9.10.2005

RP, Part II

"In regard to the Lord's Supper, I confess that it is an evidence of our union with Christ, since he not only died once and rose again for us, but also truly feeds and nourishes as by his own flesh and blood, so that we are one with him, and his life is common to us. For though he is in heaven for a short while till he come to judge the world, I believe that he, through the secret and incomprehensible agency of his Spirit, gives life to our souls by the substance of his body and blood."

John Calvin, from Brief Form of a Confession of Faith

1 Comments:

Blogger Peter said...

I enjoy the high view of Holy Communion in your post and of the quote below:

"I confess that our weakness requires that sacraments be added to the preaching of the word, as seals by which the promises of God are sealed on our hearts,"

Of course I dissent from the following:

"The five sacraments imagined by the Papists, and first coined in their own brain, I repudiate."

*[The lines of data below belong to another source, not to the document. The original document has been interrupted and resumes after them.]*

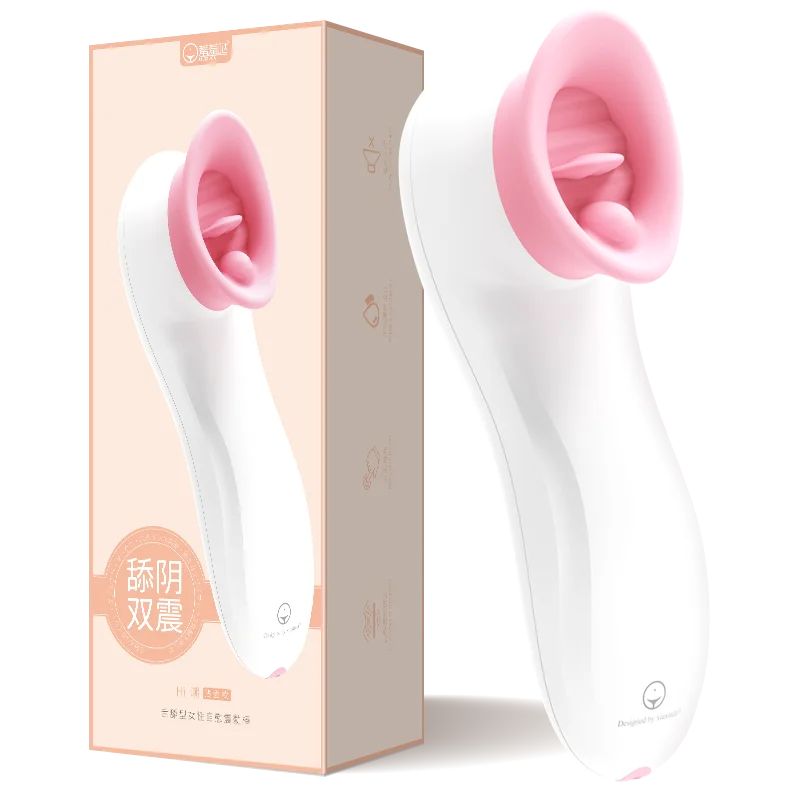 7 скоростной вагинальный вибратор для женщин лижущий язык на присосках клитора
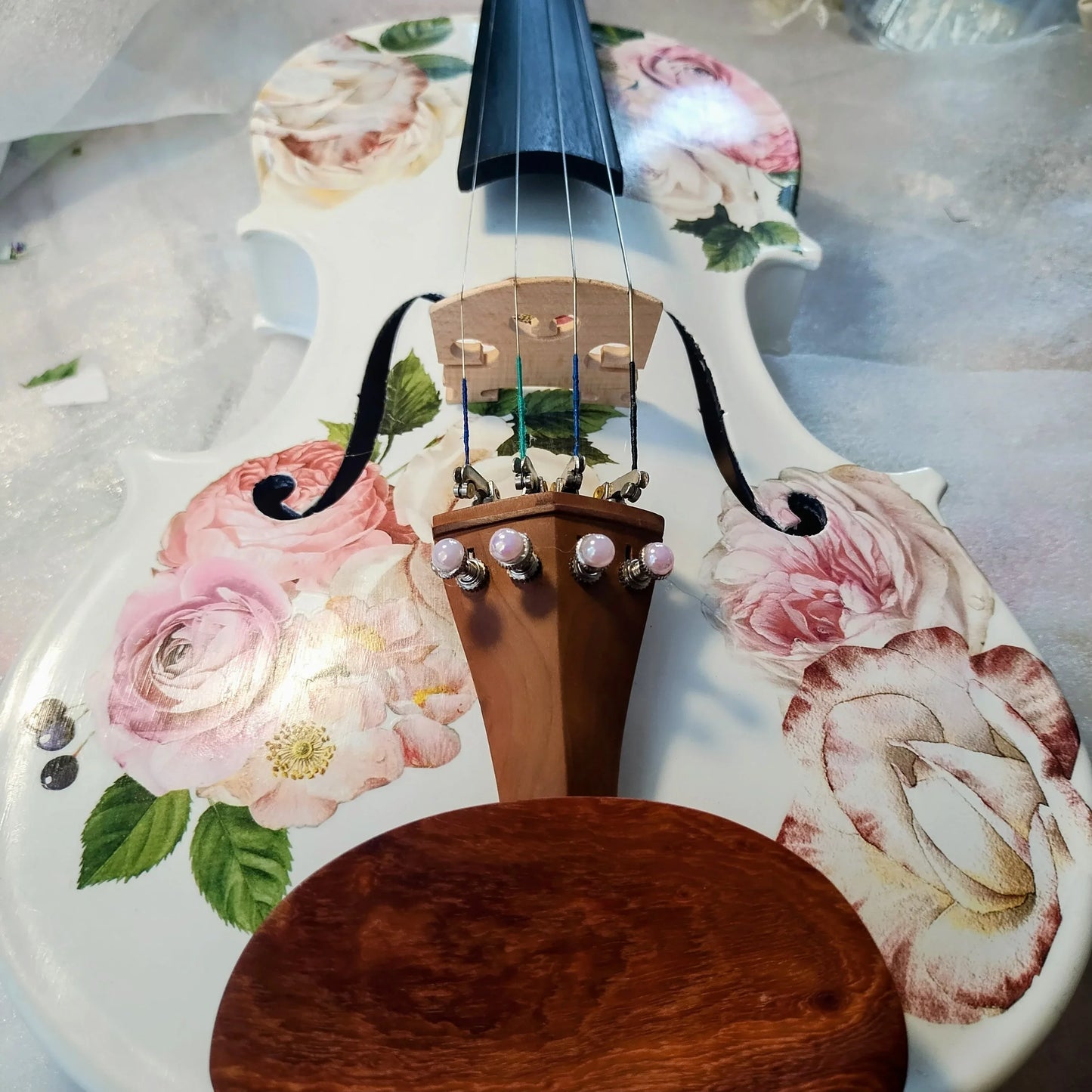 Rozanna's Rose Delight Violin Outfit - LEFT HANDED - Rozanna's Violins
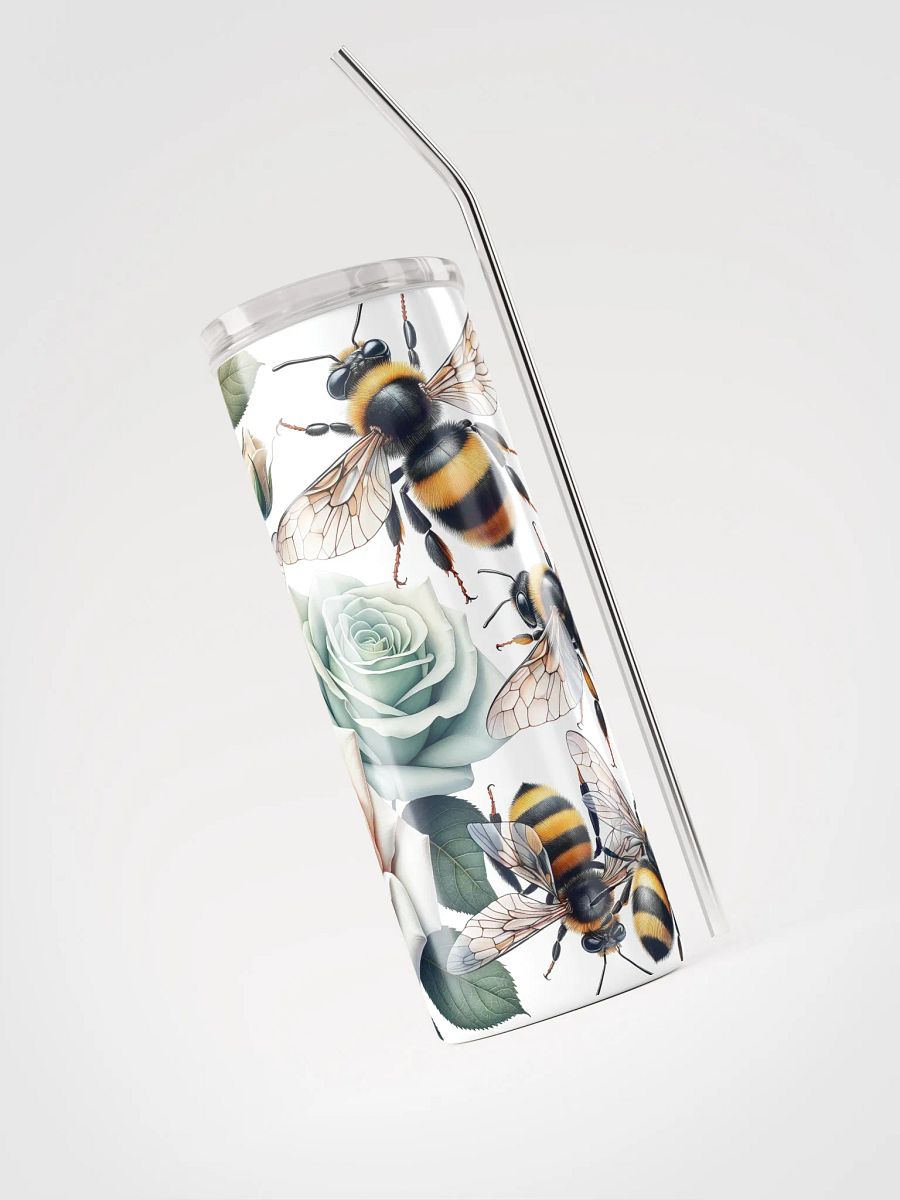 Buzzing Rose Garden Stainless Steel Tumbler product image (4)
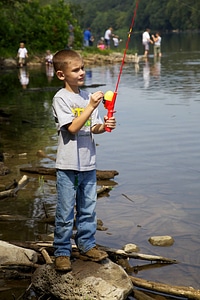 Young boy fishing-3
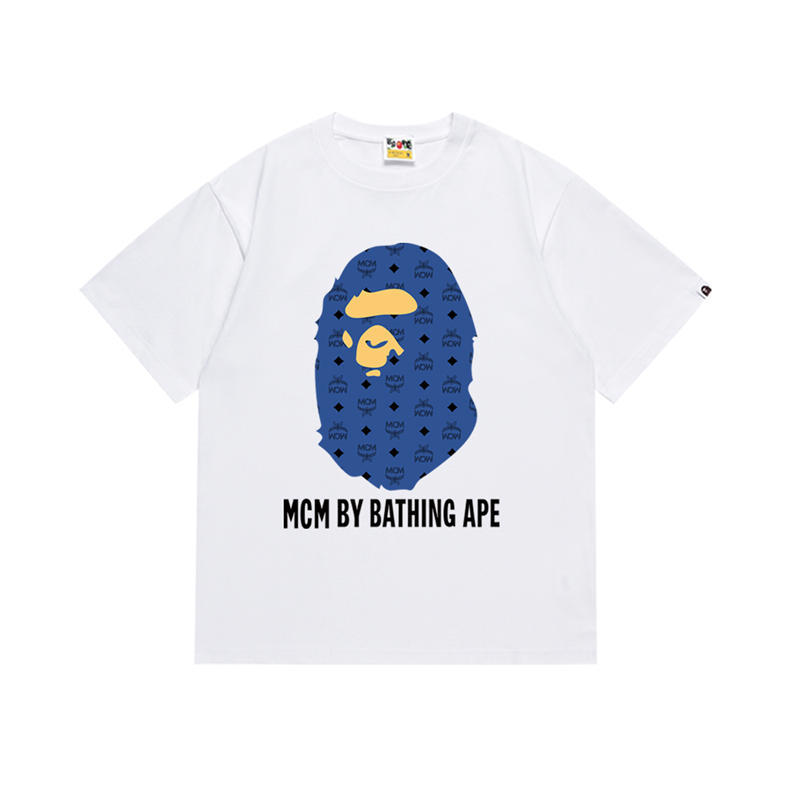 BAPE x MCM By Bathing Tee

"I detest as intolerable sacrilege the execrable abomination of the Mass, useful for no one purpose but to overturn whatever Christ has left us, both in that it is said to be a sacrifice for the living and the dead, and also in all the other things which are diametrically opposed to the purity of the sacrament of the Lord's Supper."

I thought you would enjoy the famous excerpt from a Flannery O'Conner letter regarding the Real Presence, relating her experience at the house of some acquaintances:

"Well, toward morning the conversation turned on the Eucharist, which I, being the Catholic, was obviously supposed to defend. Mrs. Broadwater said when she was a child and received the host, she thought of it as the Holy Ghost, He being the most portable person of the Trinity; now she thought of it as a symbol and implied that it was a pretty good one. I then said, in a very shaky voice, Well, if it's a symbol, to hell with it.

That was all the defense I was capable of but I realize now that this is all I will ever be able to say about it, outside of a story, except that it is the center of existence for me; all the rest of life is expendable."

Of course I love O'Conners classic line, but also thought Mrs. Broadwater's understanding of the Eucharist as "the Holy Ghost, He being the most portable person of the Trinity" was pretty funny and related in a tangential way.